Cory references LBGT stories to support his argument that Big Tech can’t convince you against your personal interest, but you can easily cherry-pick this anecdata. I’ve read several accounts that tell an inverse version of the story: that people came out because peer pressure enticed them, and they later became confused with their lifestyle because it didn’t actually fit who they were. I’m not saying that these cases are the majority. Rather, I bring it up to point out that Cory’s example is incomplete and one-sided, and it actually makes an unintended case against his stated position.

Zuboff calls surveillance capitalism a “rogue capitalism” whose data-hoarding and machine-learning techniques rob us of our free will. … Controlling the results to the world’s search queries means controlling access both to arguments and their rebuttals and, thus, control over much of the world’s beliefs. If our concern is how corporations are foreclosing on our ability to make up our own minds and determine our own futures, the impact of dominance far exceeds the impact of manipulation and should be central to our analysis and any remedies we seek.

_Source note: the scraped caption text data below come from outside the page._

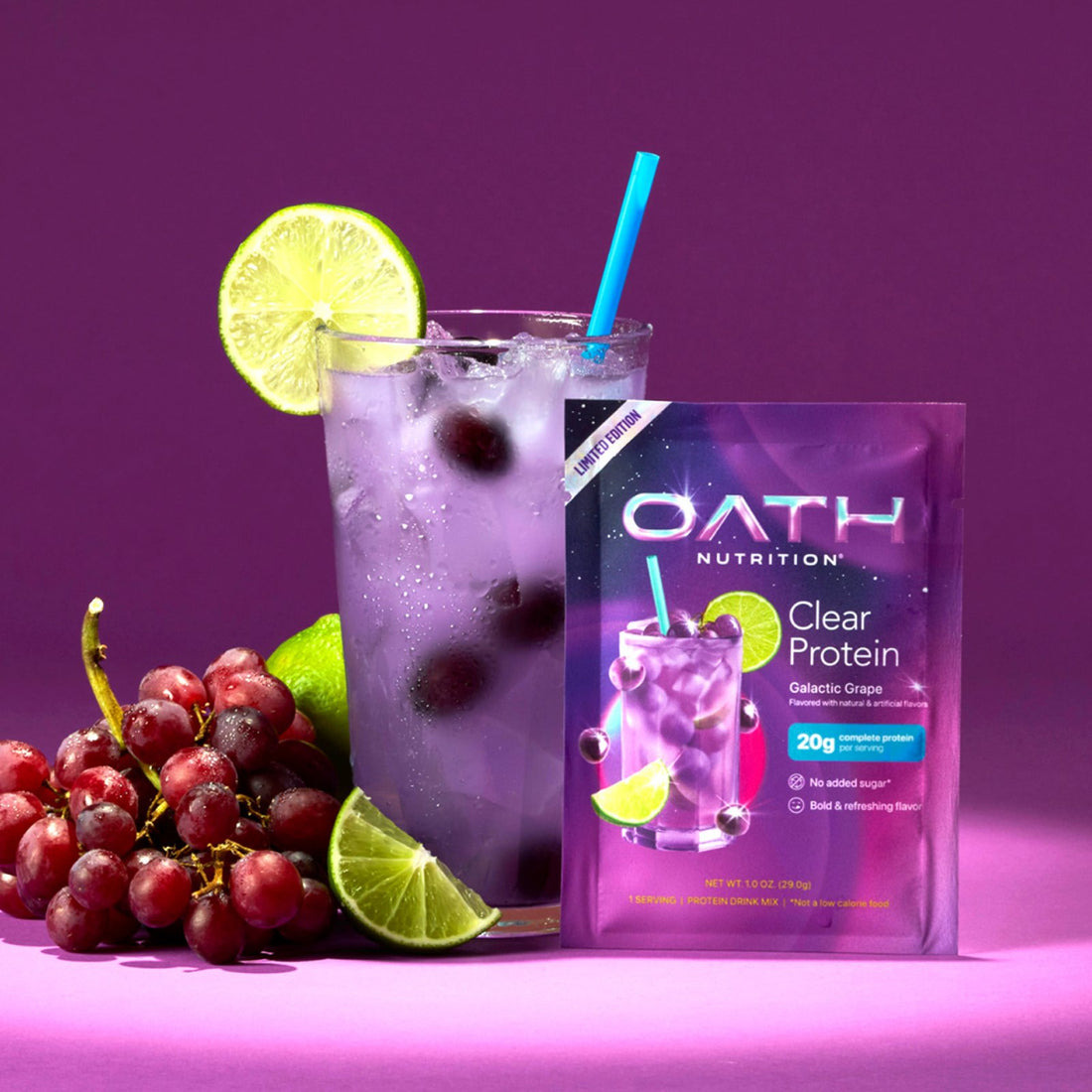 A packet of OATH Nutrition Clear Protein Galactic Grape flavor stands next to a glass of iced purple protein drink garnished with a lime slice and a blue straw, with red grapes and lime wedges.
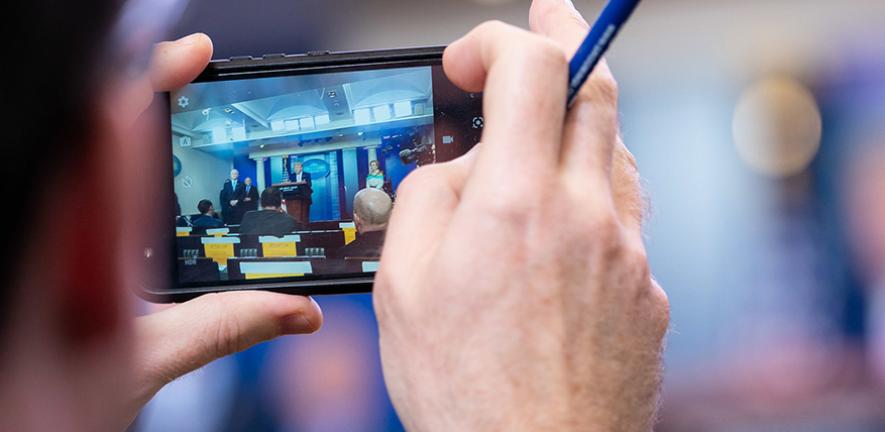 A reporter takes a photo of Donald Trump during a White House coronavirus briefing in April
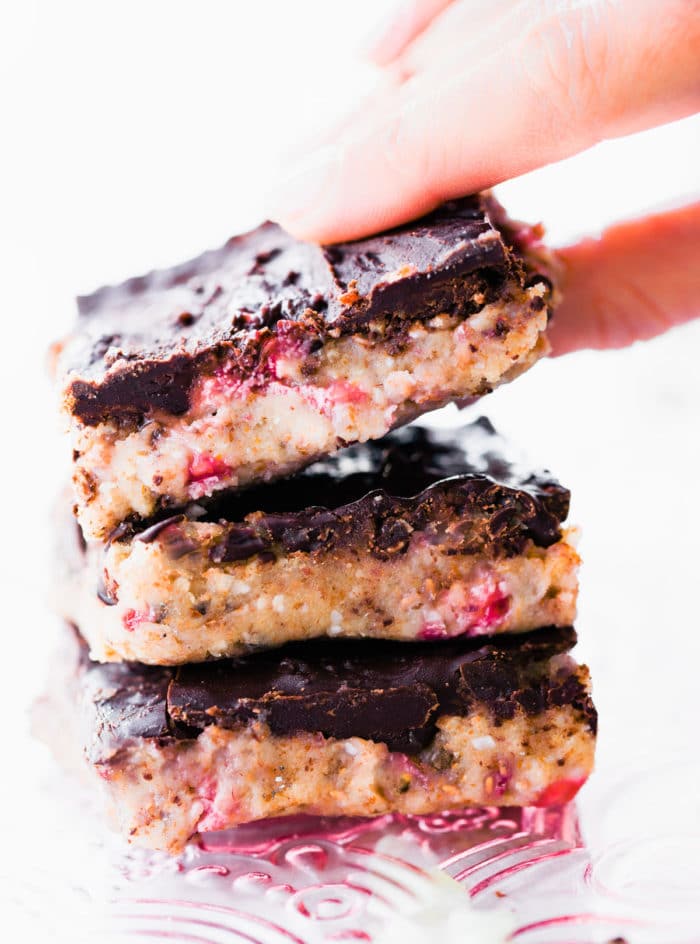 stack of no bake protein bars topped with chocolate, one bar being picked up from top of stack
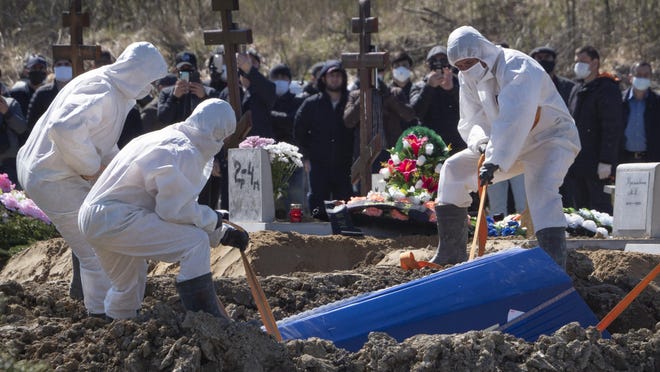 Grave diggers wearing protective suits bury a COVID-19 victim as relatives and friends stand at a safe distance, in the special purpose for coronavirus victims section of a cemetery in Kolpino, outside St.Petersburg, Russia, Sunday, May 10, 2020.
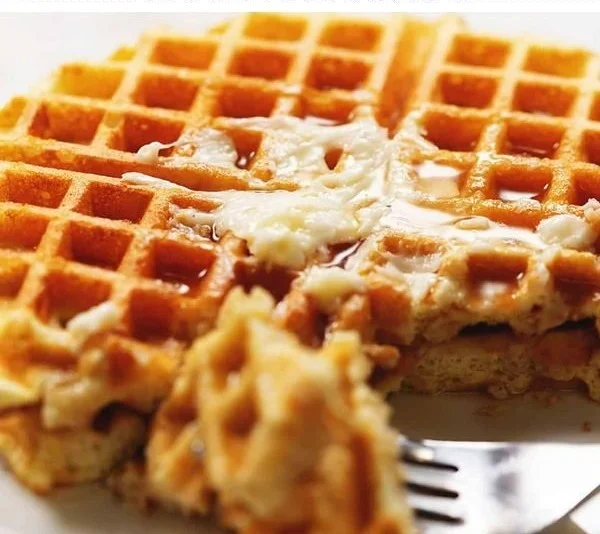 High protein waffles topped with fresh berries and maple syrup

Again, Cory references Zuboff’s position, and tries to show that it’s wrong, but, at the end, the net result of the situation is the same. Zuboff says surveillance capitalism robs me of my free will, but if Google black-holes the information I need to chose a non-endorsed answer, how is that any different? Google has robbed me of my ability to choose an alternative as surely as the mocked idea of a “mind control ray.”

It can make it easier to find people who share your sexual identity. And again, it can help you to understand that what you thought was a shameful secret that affected only you was really a widely shared trait, giving you both comfort and the courage to come out to the people in your life.

This is another example of eliding the point which makes me wonder about the entire intent of the article. It would seem to me to be hard to argue that non-binary, non-heterosexual lifestyles are a “widely shared” trait, given that, even by most optimistic estimates, the combined percentage of the population is something like 5%. More likely, I suspect the fact that the number is 10% in San Francisco, pulling the number up from the rest of the country sitting at 1-2%, which gives people steeped in the counter culture a false sense of the numbers.

But monopolies are incompatible with that notion. When you only have one app store, the owner of the store — not the consumer — decides on the range of choices. As Boss Tweed once said, “I don’t care who does the electing, so long as I get to do the nominating.” A monopolized market is an election whose candidates are chosen by the monopolist.

Fantastic point! Now, let’s talk about the duopoly of the RNC and the DNC on American politics…

But it’s not mind control.

But it’s not brainwashing.

But it’s not an existential threat.

Cory argues these things, and then expends 100 pages of writing showing that Facebook and Google are, in fact, all three.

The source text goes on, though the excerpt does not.